Large-Scale Corporate: The big national chains. The same menu in Vermont and California, in January and June.

How’d I do on this one?

Ruh-roh. Though I knew this was coming, I’m still stunned by how big that purple pie is. Here’s the thing. Most of the really local restaurants are, let’s face it, EXPENSIVE. Or fancy. Or sit-down-y. Usually, all three. When we eat out, we are rarely looking for any of those attributes. On a brighter note, we have a gaggle of one-of-a-kind, independent restaurants here in Durham, and we are getting better at choosing those places for our meals out than the chains we became accustomed to in college. It’s a work in progress.

What does this mean?

It means it’s a start! Every month, I’ll make a new set of graphs and try to figure out how to improve. Ideally, the blue and red pieces of pie will grow, gradually pushing out the purple. Now I’m no fool: I know there will be challenges. Sometimes, the only place to eat in an airport is a chain. Also I don’t see myself forsaking burrito bowls at Chipotle. Or driving 20 minutes to the co-op instead of Harris Teeter when I’m halfway through cooking a meal and realizing I’m out of some key ingredient.

But the simple act of tracking has already made me think twice about how I spend my food dollars. Do I need to buy cheese today, or can it wait until a farmers market run on Saturday? What can I learn to make myself out of ingredients from local growers that can replace something I currently pull off the shelf at the store?

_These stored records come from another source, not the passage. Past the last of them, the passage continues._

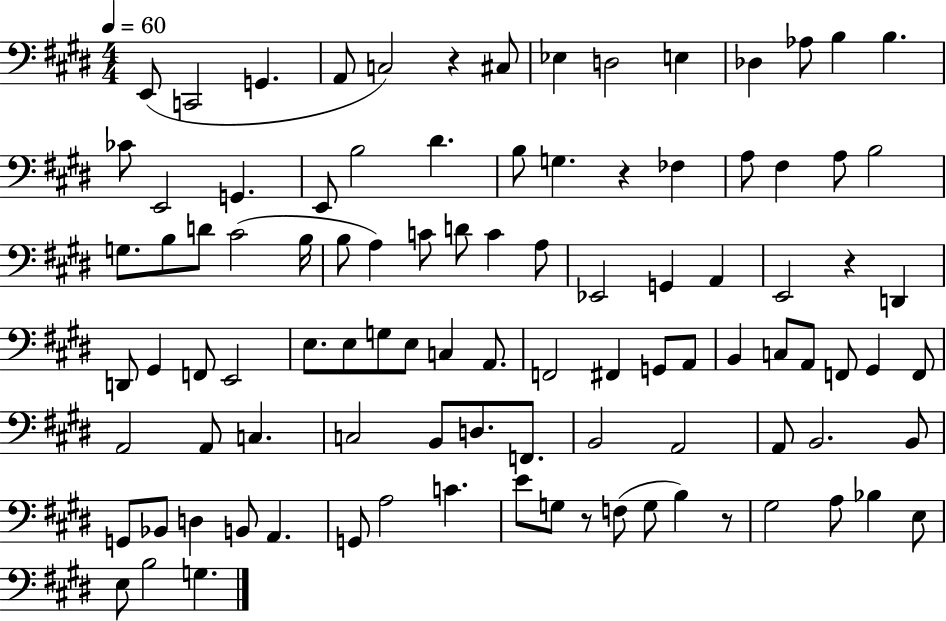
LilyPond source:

{
  \clef bass
  \numericTimeSignature
  \time 4/4
  \key e \major
  \tempo 4 = 60
  e,8( c,2 g,4. | a,8 c2) r4 cis8 | ees4 d2 e4 | des4 aes8 b4 b4. | \break ces'8 e,2 g,4. | e,8 b2 dis'4. | b8 g4. r4 fes4 | a8 fis4 a8 b2 | \break g8. b8 d'8 cis'2( b16 | b8 a4) c'8 d'8 c'4 a8 | ees,2 g,4 a,4 | e,2 r4 d,4 | \break d,8 gis,4 f,8 e,2 | e8. e8 g8 e8 c4 a,8. | f,2 fis,4 g,8 a,8 | b,4 c8 a,8 f,8 gis,4 f,8 | \break a,2 a,8 c4. | c2 b,8 d8. f,8. | b,2 a,2 | a,8 b,2. b,8 | \break g,8 bes,8 d4 b,8 a,4. | g,8 a2 c'4. | e'8 g8 r8 f8( g8 b4) r8 | gis2 a8 bes4 e8 | \break e8 b2 g4. | \bar "|."
}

For what it’s worth: I think our individual choices matter. Just as each vote contributes to an election, every dollar spent on local food contributes to an economy that supports a vibrant network of farms, farmers markets, co-ops, and new local restaurants. As more and more people have taken an interest in where their food comes from, new farmers markets are popping up all over the place, local sections are appearing at even the largest of grocery stores, and more restaurants are proudly stating where their food was grown. It’s truly exciting.

Stay tuned! We’ll see how February goes, and I’ll be back with more graphs in a month.

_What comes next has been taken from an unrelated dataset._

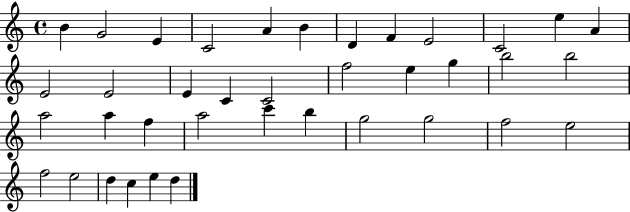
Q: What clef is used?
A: treble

What is important to you when deciding which food to buy?
 

7 Comments

  1. Paul Overton says:

    Thanks, Kristi! This is really inspiring and I’m sure it took no small amount of effort on your part.

    1. Kristi @ 30 Pounds of Apples says:

      Thanks! I can send you the spreadsheet template if you’re interested in tracking your own!

  2. Rebecca says:

    Inspiring, thanks! Please send your spreadsheet to me! Thanks!

    1. Kristi @ 30 Pounds of Apples says:

      Will do! Maybe I’ll see if I can figure out how to post it here for download…

  3. Therese says:

    I wish we had a co-op nearby. In my teen years I worked at a member co-op and learned how to do so many different tasks. Cutting up huge blocks of cheese, ordering food, stocking the produce, using a large old fashioned cash register…The motto back then was “Food for people, not for profit”
    I have strayed from my weekly trips to the Farmer’s Market as I now have a weekly CSA box, and I find that pretty much takes care of all our produce needs. I am now rethinking this, as I spend $ each week at Trader Joe’s getting the produce I need to go with my CSA food. I am lucky to have two FM’s to choose from. Time to start visiting them again.
    Thanks for such an insightful post. While I probably won’t be tracking my purchases, I will be keeping this information in mind when I do shop for food.

    Oh, and it has given me another nudge to start planning this years garden!

    1. Kristi @ 30 Pounds of Apples says:

      I do very much love the co-op. I feel lucky to live close to a good one… I like the motto of the one where you worked!

      It’s amazing to me how much food I can buy at the farmers market. Pickles and raisins and breads and pastries and dried herbs and seedlings and crafts… so much more than just produce and meat! I hope you enjoy returning to your local markets. :)

  4. Lauren says:

    I love your categories, particularly the way you separated out grocery dollars from restaurant dollars. Great food for thought applying them to my own food spending choices.